Charles Darwin proposed a theory of biological evolution whose basic principle is descent with modification. That is, descendants of organisms may differ from their ancestors, so much so that new biological species develop. Such descendants are different in degree but not in kind, even if classified as separate species.

What is the scope of biological descent? As a scientist Darwin asserted that descent was universal. It is often supposed that evolution entails universal common descent, but that is a statement of its applicable scope, not of any scientific law.

While Darwin’s version of evolution has been modified, Neo-Darwinism is unsuperseded within the mainstream scientific community. Should people believe that the scope of evolution is universal? No, for the same reason that Newton’s claim of universality should never have been believed.

Certainly scientists act as though the scope of evolution is universal, but that is how science works: assume the greatest scope and search for limits. The mainstream scientific community has so far not found the limits. That is an expression of their ignorance, not of their knowledge.
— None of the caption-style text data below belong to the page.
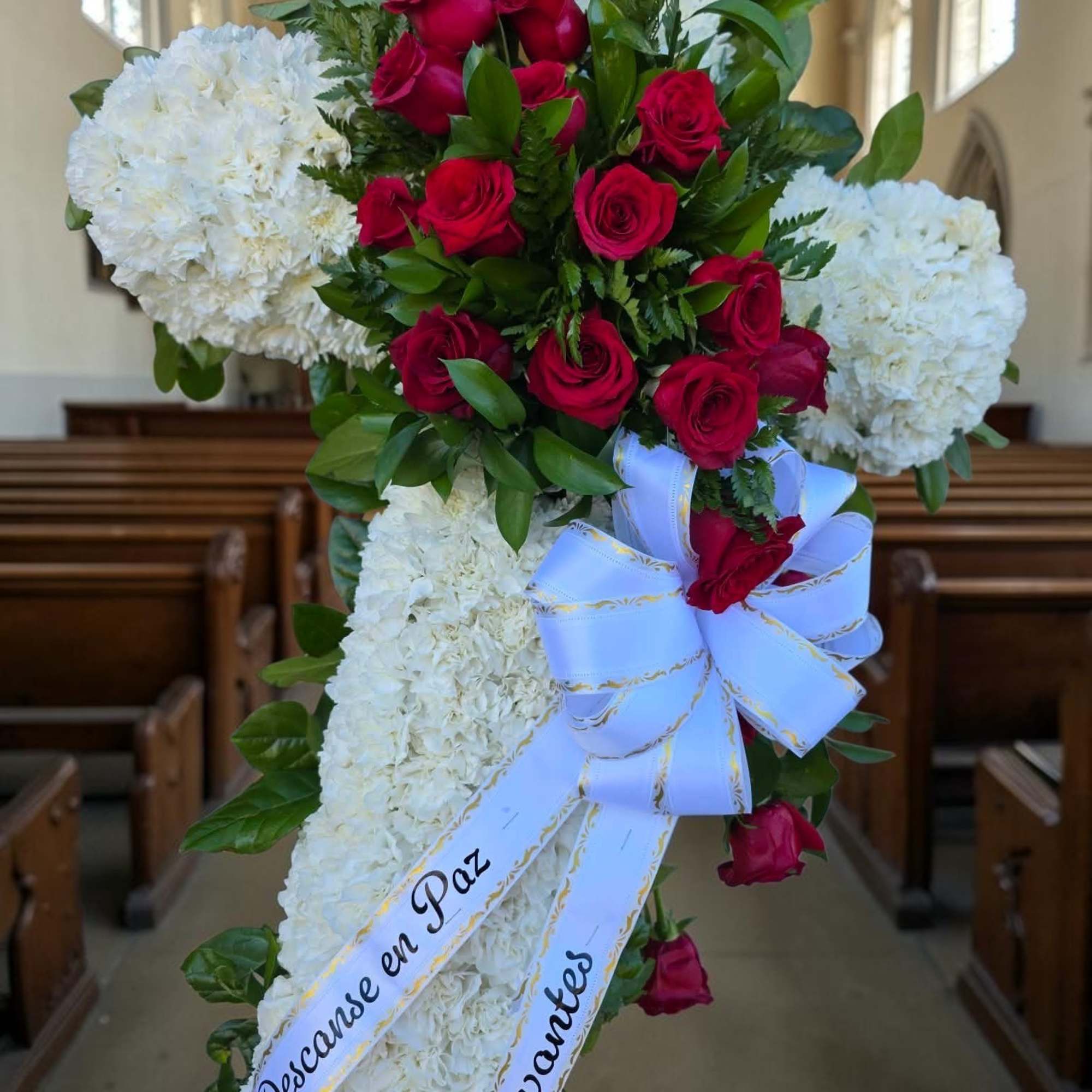 Red roses and white carnations arranged in a church setting with a white ribbon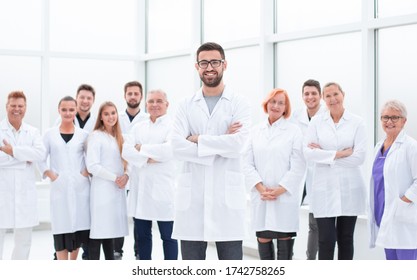 smiling research supervisor standing in front of his team.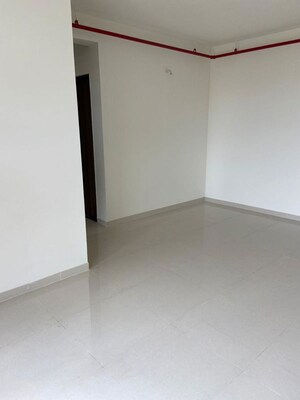 Living Room in 1 BHK Apartment at JP North Alexa, Mira Road – for Rent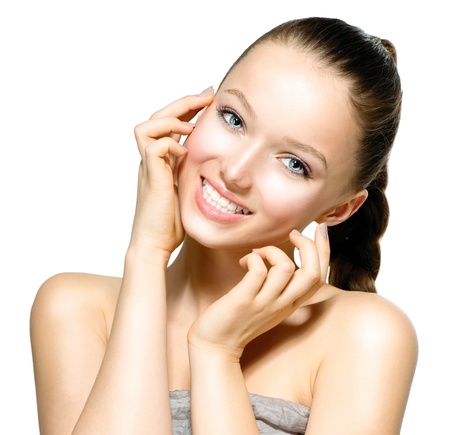 Beautiful Young Woman with Fresh Clean Skin touching her Face の写真素材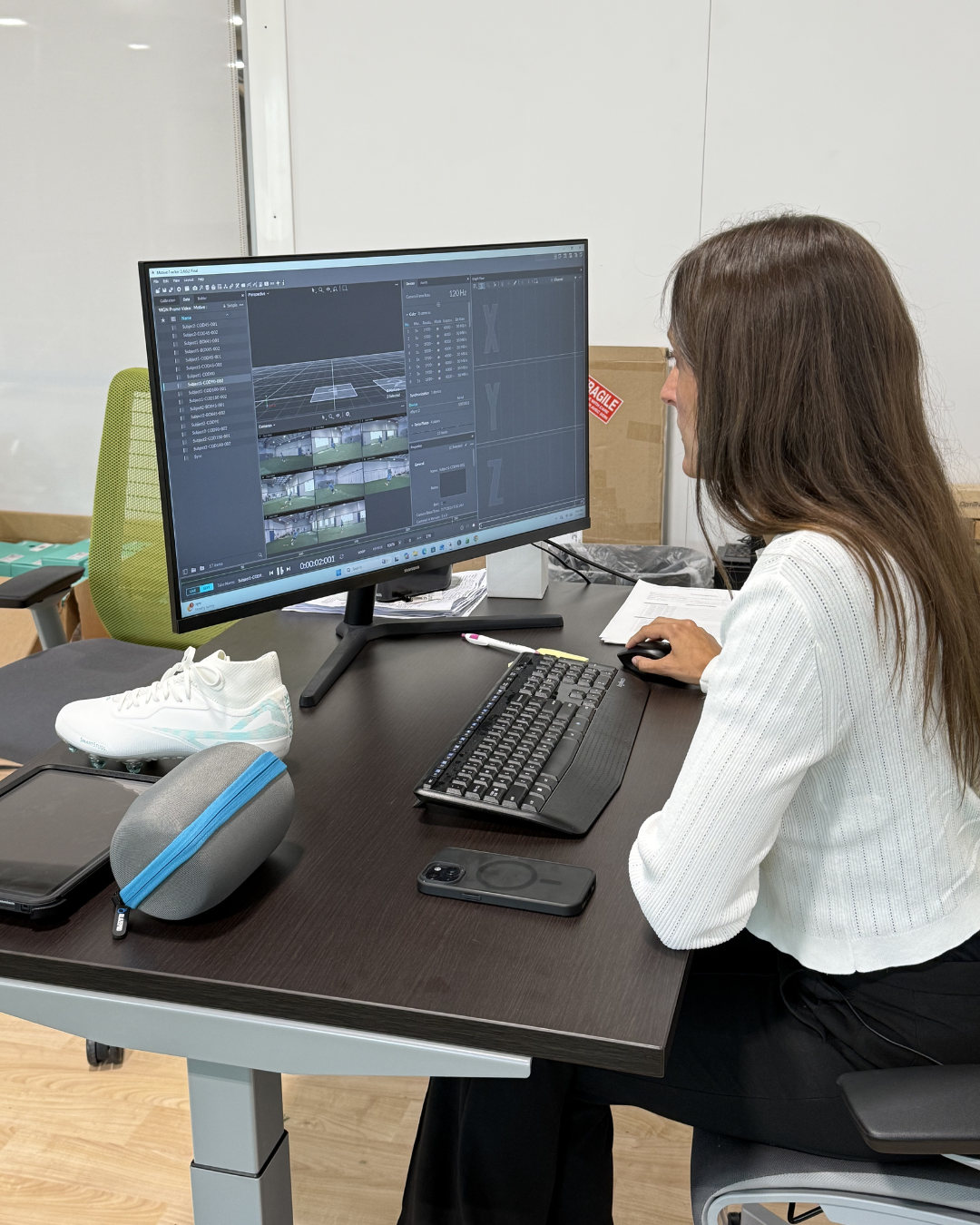 A biomechanics engineer studies the computer.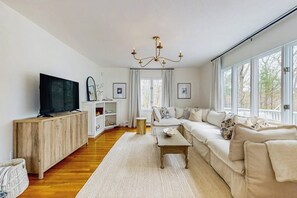 A living room with a sofa, television, wooden cabinet, and large windows.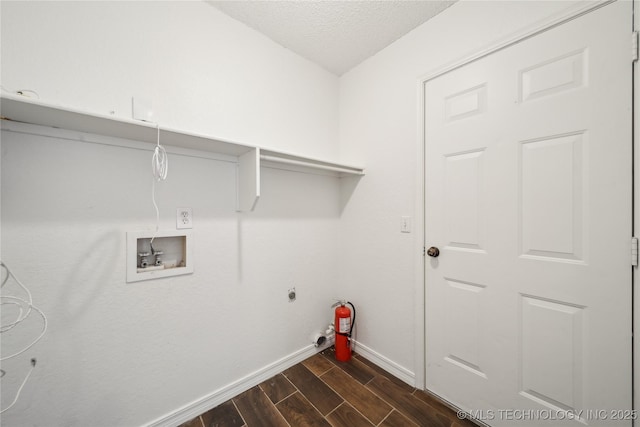 laundry area featuring hookup for a washing machine, baseboards, dark wood-type flooring, a textured ceiling, and hookup for an electric dryer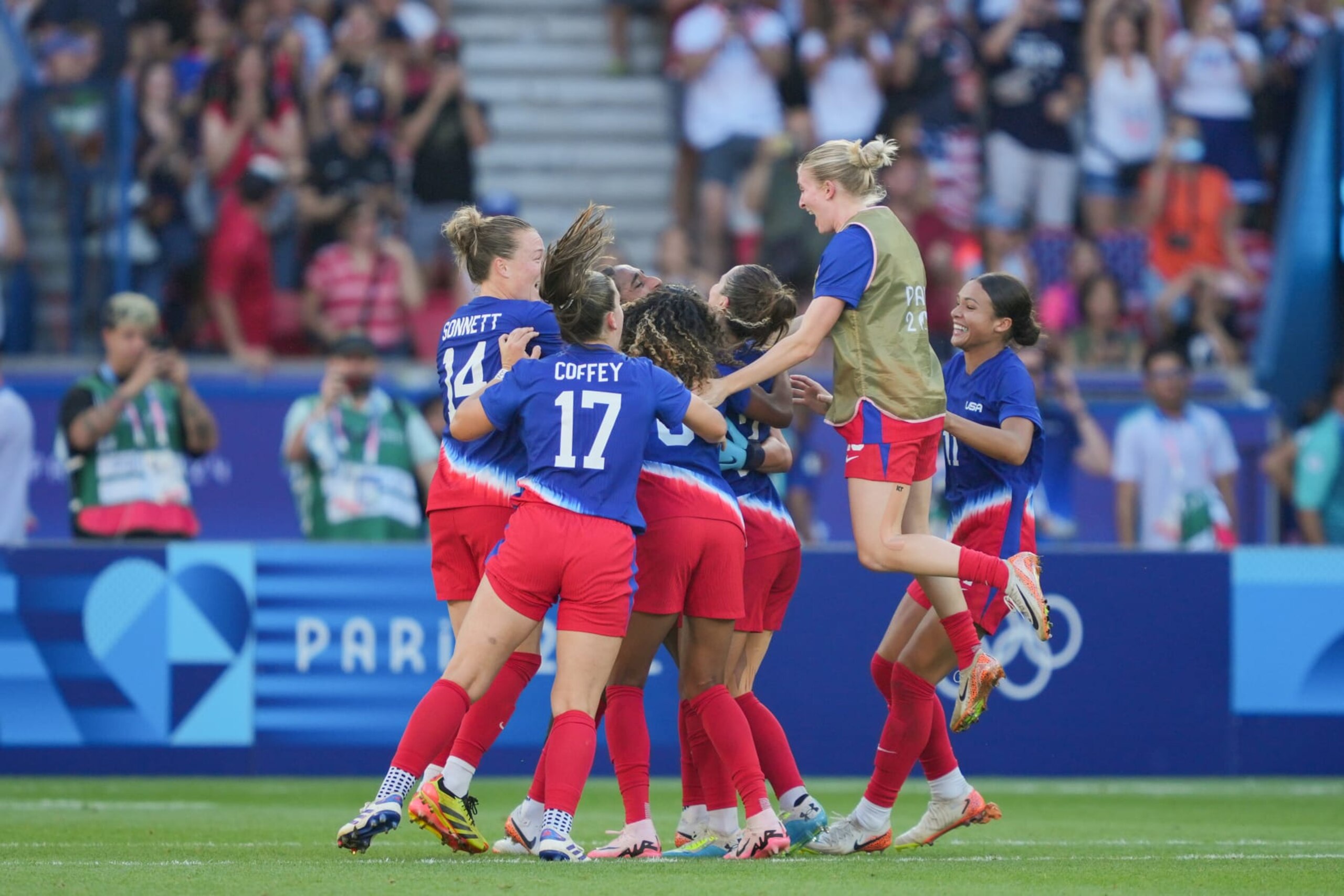 PARIS, FRANCE - AUGUST 10: The United States women's soccer team celebrate defeating Brazil after the Women's Gold Medal match during the Olympic Games Paris 2024 at Parc des Princes on August 10, 2024 in Paris, France. (Photo by John Todd/ISI/Getty Images)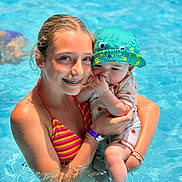 Grayson is registered to the contest to win money with this photo: baby, braces, child, cute, family, fun, happy, hat, holding, outdoor, people, playful, pool, smile, summer, sunlight, swimming, swimsuit, vacation, water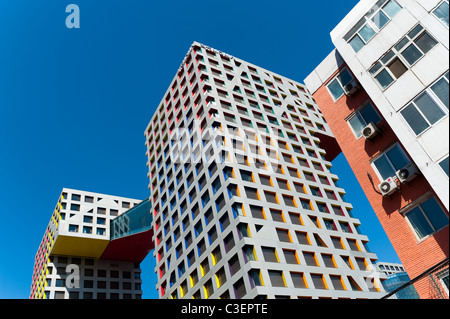 Moma legate complesso ibrido dall architetto Steven Holl, 2009, Dongzhimen District, Pechino, Cina, Asia. Foto Stock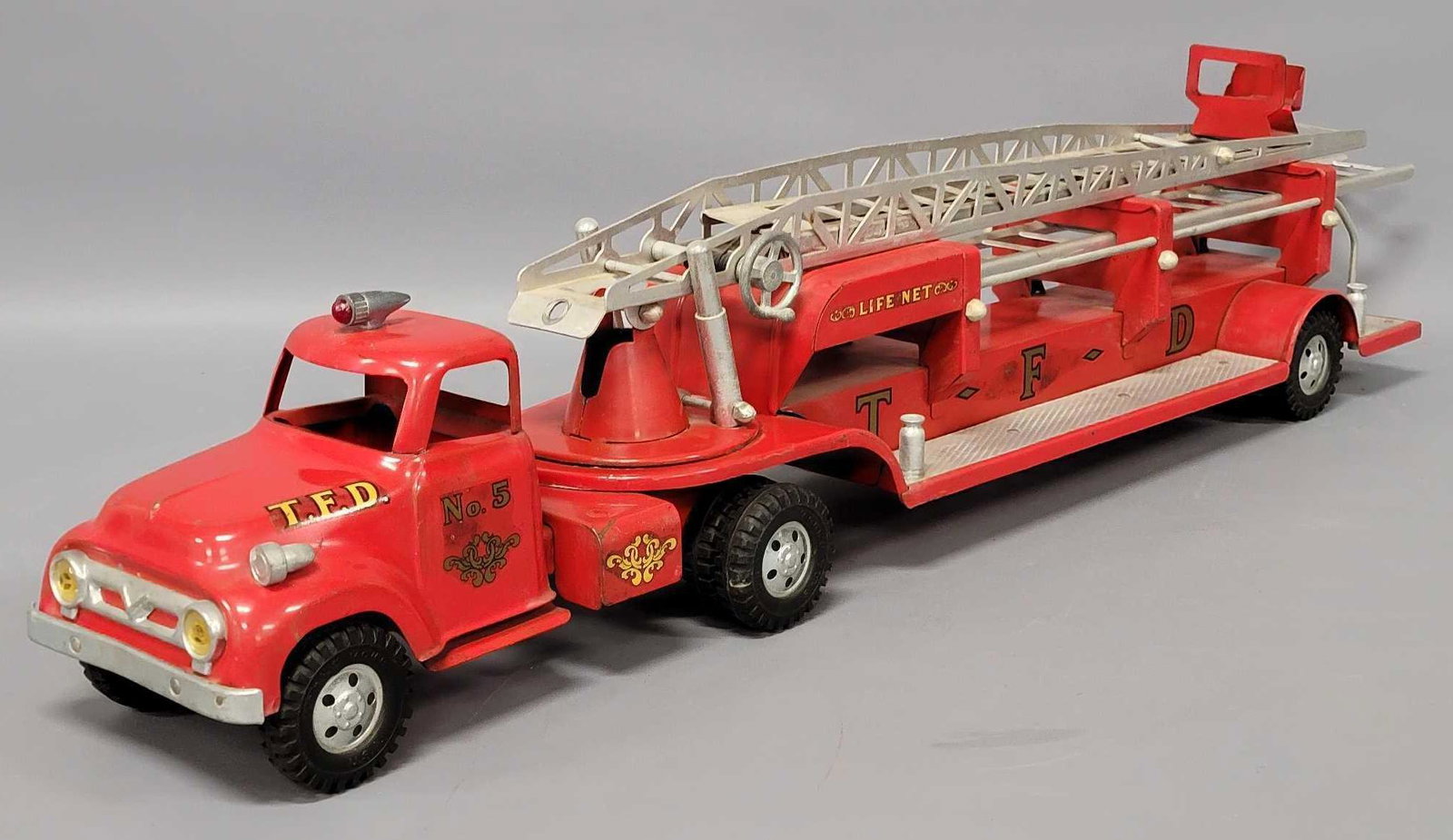 1956 Tonka hook and ladder fire truck: 1956 Tonka hook and ladder fire truck, played with condition with one of the loose ladders as seen in the photos.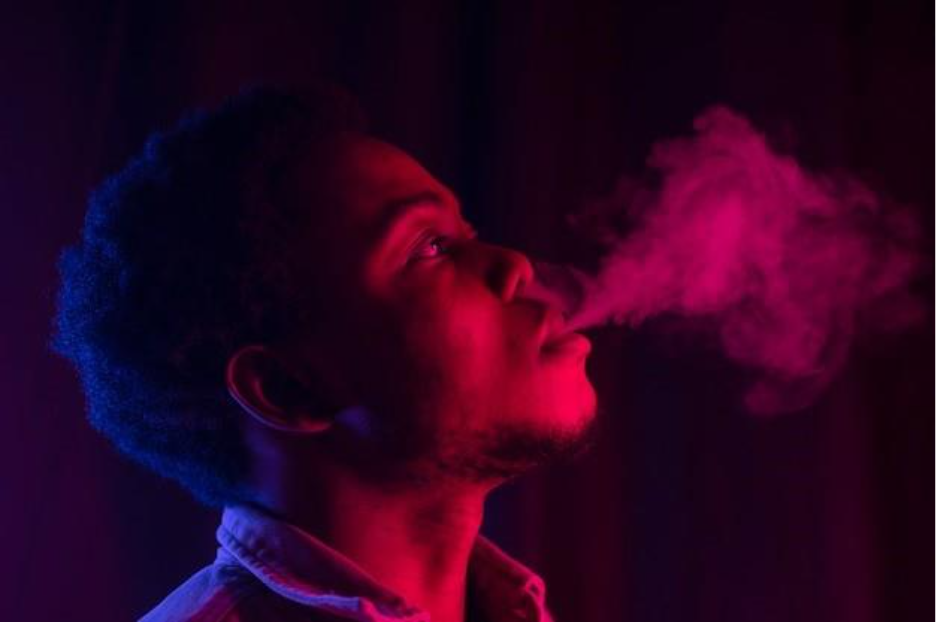 man vaping from a hookah indoors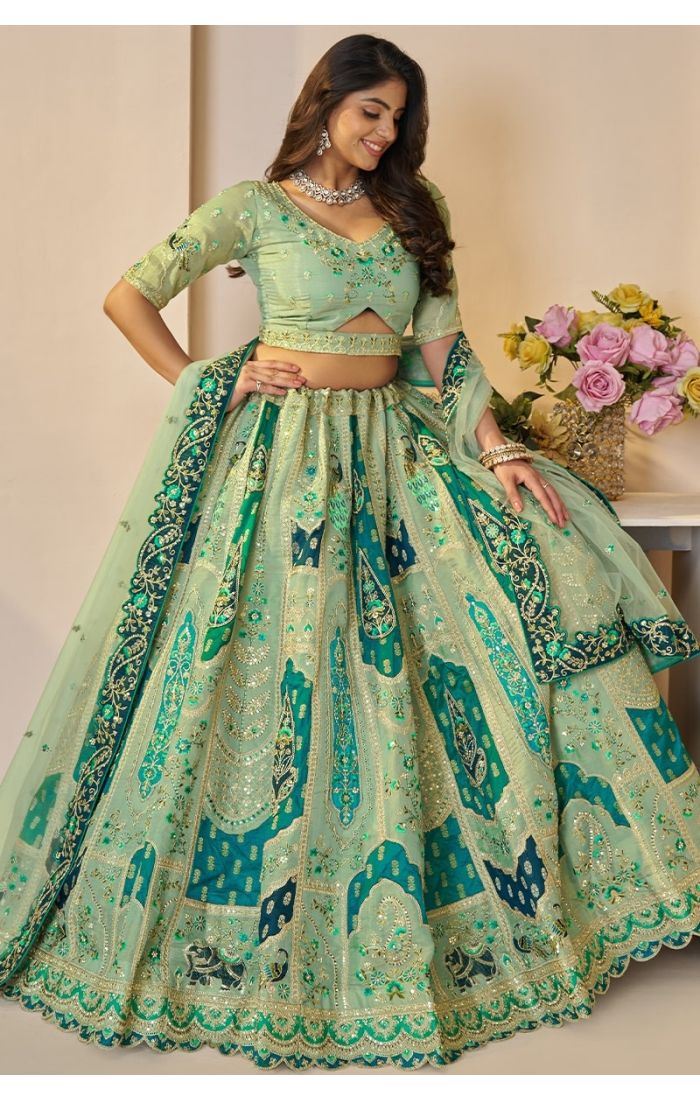 Twirling shot of mint green lehenga showcasing detailed zari and peacock patchwork.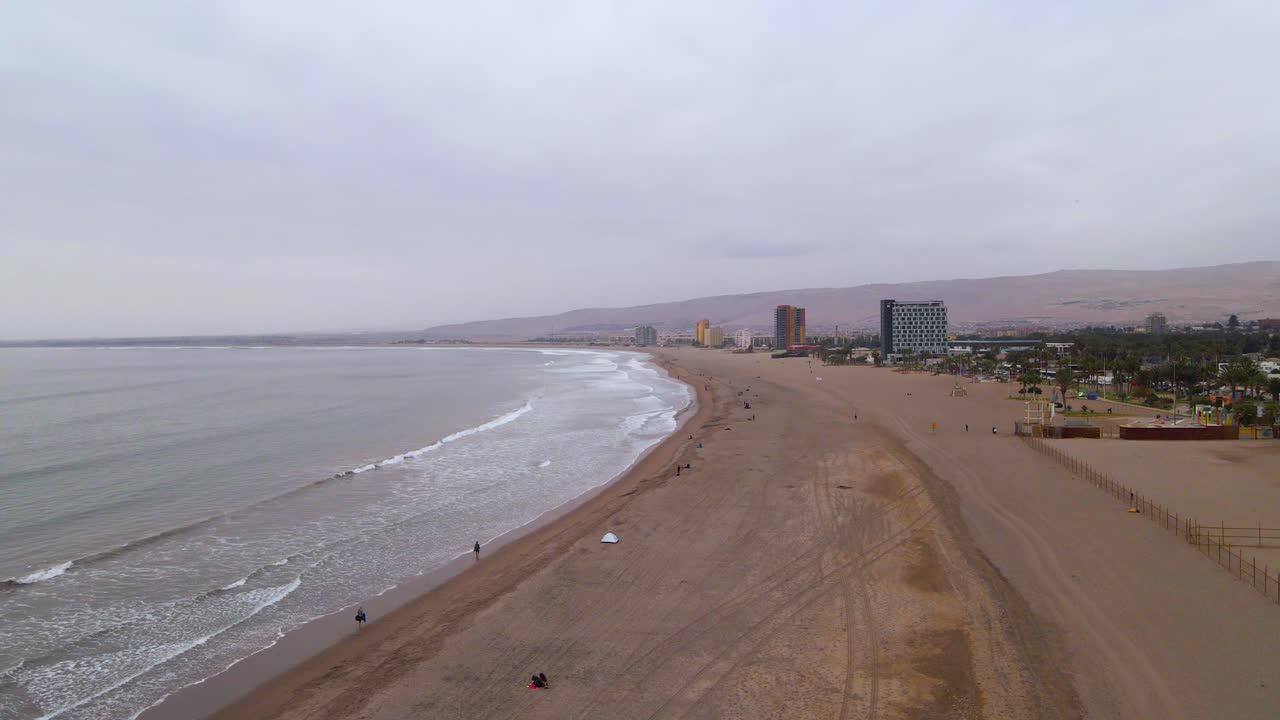 drone disparado volando a lo largo de la playa en arica, chile en un día nublado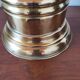 Vintage brass umbrella stand with lion decoration.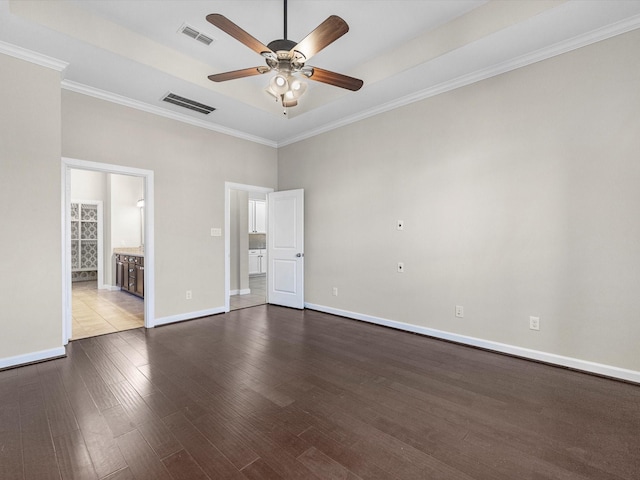 spare room with dark wood-type flooring, visible vents, ceiling fan, and baseboards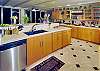 What a great kitchen! Top-of-the-line appliances, cabinets, and dishes.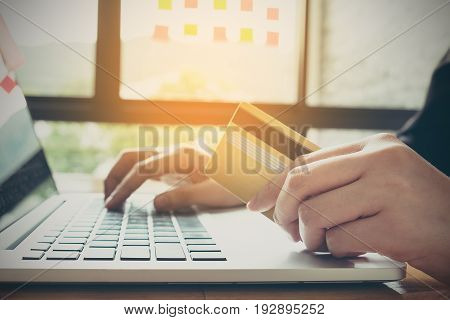 Online payment Man's hands holding a credit card and using smartphone and choose some product what him want for online shopping.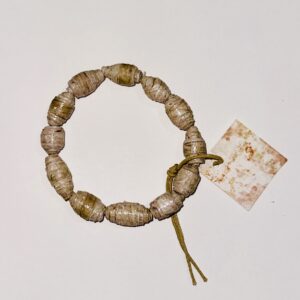 The paper beads on this stretch bracelet has a wood pattern. The piece is shown on a neutral brown background.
The scope of common descent is the scope of the mechanisms for it. They are not two theories (contra NCSE). The result of the mechanisms such as natural selection is common descent. The extent of common descent is the extent of natural selection.

In the twentieth century people believed Darwin. The universe was believed to have completely evolved. Evolutionary thinking was very influential.

But philosophers, theologians, and others do know something about the limits to Darwin’s theory. An excellent case can be made that human beings are different in kind, not just in degree from other organisms. Mortimer J. Adler’s book The Difference of Man and the Difference It Makes provides a philosophical argument. Others can point to scriptures, traditions, and evidence that support the same premise.

We do know there are limits to evolution, as there are to all mechanisms. We don’t know all of the limits, but we do know there exists at least one limit: human life cannot have evolved from non-human life. The science community should be searching for all the limits to evolution.

Science and terminology

Science is knowledge (scientia) that is systematically gained and/or organized. That entails that the terminology of science be systematic, i.e, a nomenclature rather than a hodgepodge of terms. This can make discussions about science hard since people have to learn a body of nomenclature before understanding a science. This applies to all sciences, whether natural sciences, social sciences, historical sciences, or subjects with some systematization such as systematic theology.

But a more pressing challenge for discussions of science is the use of words that have both technical and non-technical meanings. Within a science only the technical usage should apply but discussions of a science inevitably use some of the same words from general usage as well. So terms with a precise meaning within a science are used along with the same term with an imprecise or ambiguous meaning.

If this were a problem that applied only to minor terms that would be a minor problem but it is a problem with major terms and terms whose meaning is disputed. The result is that people who disagree are talking past one another, misunderstanding one another, and fail to communicate. This happens especially in cases of controversy or strong disagreement. What can be done about it?

One solution is to qualify terms so it is clear what meaning is intended. For example, instead of saying “evolution” specify “unguided evolution”, “guided evolution” or “theistic evolution”. Instead of saying “design” specify “intelligent design”, “intentional design” or “divine design”. Instead of saying “creation” specify “transcendent creation”, “special creation” or “intelligent creation”. These qualified terms should be defined but the presence of a qualifier alerts people to the more specific meaning intended.